And in La Bohème, there is the student’s new girlfriend who inspires more than the anticipation of sex when she reveals, no less intimately, the fantasy life that “keeps her going” in spite of her poverty and sickness.

Based on the popular novel

Interestingly, the Royal Opera House’s website for the production includes a page celebrating Puccini’s meticulous evocation of places, spaces, the time of day, the weather – all profoundly unfashionable on our “director’s opera” stages, bare and overbearing rooms through whose windows, if any are permitted, nothing must ever be seen.

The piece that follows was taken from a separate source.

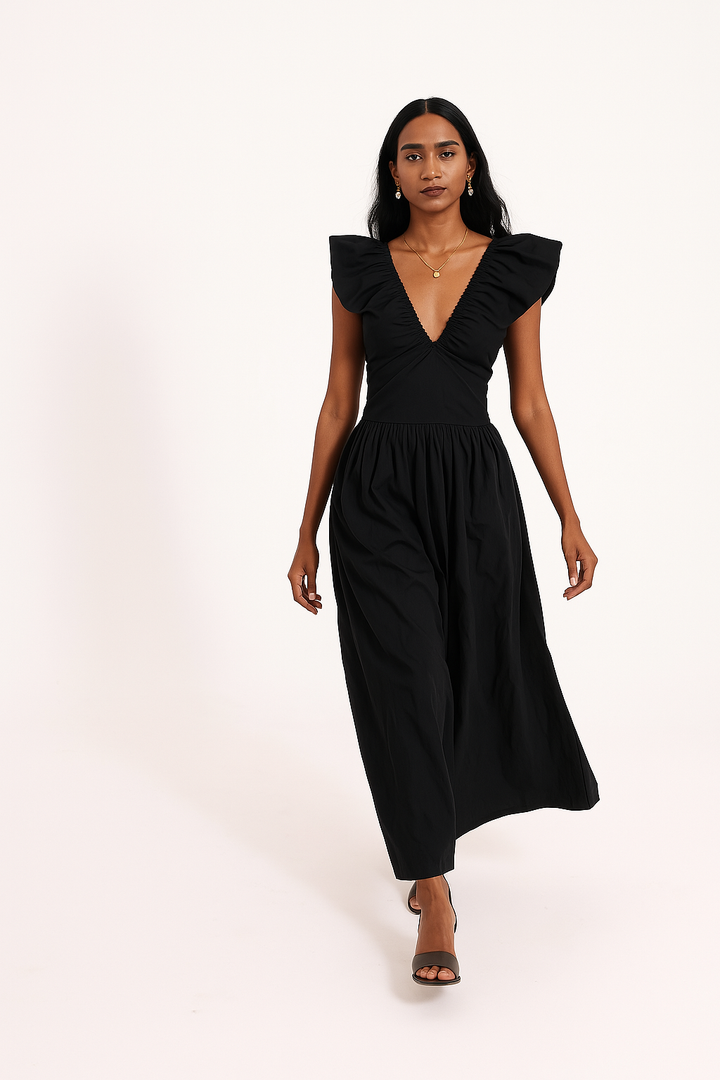 Goddess V-Neck Black Maxi Dress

The same site also offers a shameless trailer of John Copley’s production, featuring a climactic moment of Mimi and Rodolfo’s famous duet, in which their fantasies merge. Together they fly with momentarily transfiguring grace upon a rainbow of melody – of the kind we’re supposed to deride, precisely because it touches us (or did I mean “them”?) as viscerally and deeply as the melodramatic scenes of popular nineteenth-century novels, like Mürger’s Vie de Bohème.

O soave fanciulla.

Giacosa and Illica’s dramatic text for the opera was, after all, the libretto of an “opera-of-the-book” – a precursor to the 1930s and 1940s films based on recently popular novels that would cater to that maligned “popular audience”, crossing many classes, whose pleasures and subtleties and even whose politics deserve to be better understood.

Suburban dwarfs

Theodor Adorno, master of the superior put down, found a wonderfully self-contradictory one for Puccini in an ostensibly derogatory piece on “Music in the background” in films and cafés:

One could think that Bohème, Butterfly, Tosca, were created with the thought of imaginary pot-pourris that do not emerge until the last tear from the operatic catastrophes has dried up.

Just a few lines later, he provocatively returns to such scorned popular melodies that “wander around like ghosts” in cafés, evoking their passionate originals:

The best are the melodies with the great unbroken arcs, like the arias of Butterfly and Rodolfo. Anyone who, moved, is startled out of his conversation or thoughts after all, and who looks in that direction, is transformed into Georg Heym’s suburban dwarf: ‘he looks up to the great green bell of heaven where silent meteors cross far away.’

Well, many people live in suburbs (them and us), and even the small of stature may be moved by distant meteors – or, like Puccini’s Mimi, the first rays of the April sun across a roofscape.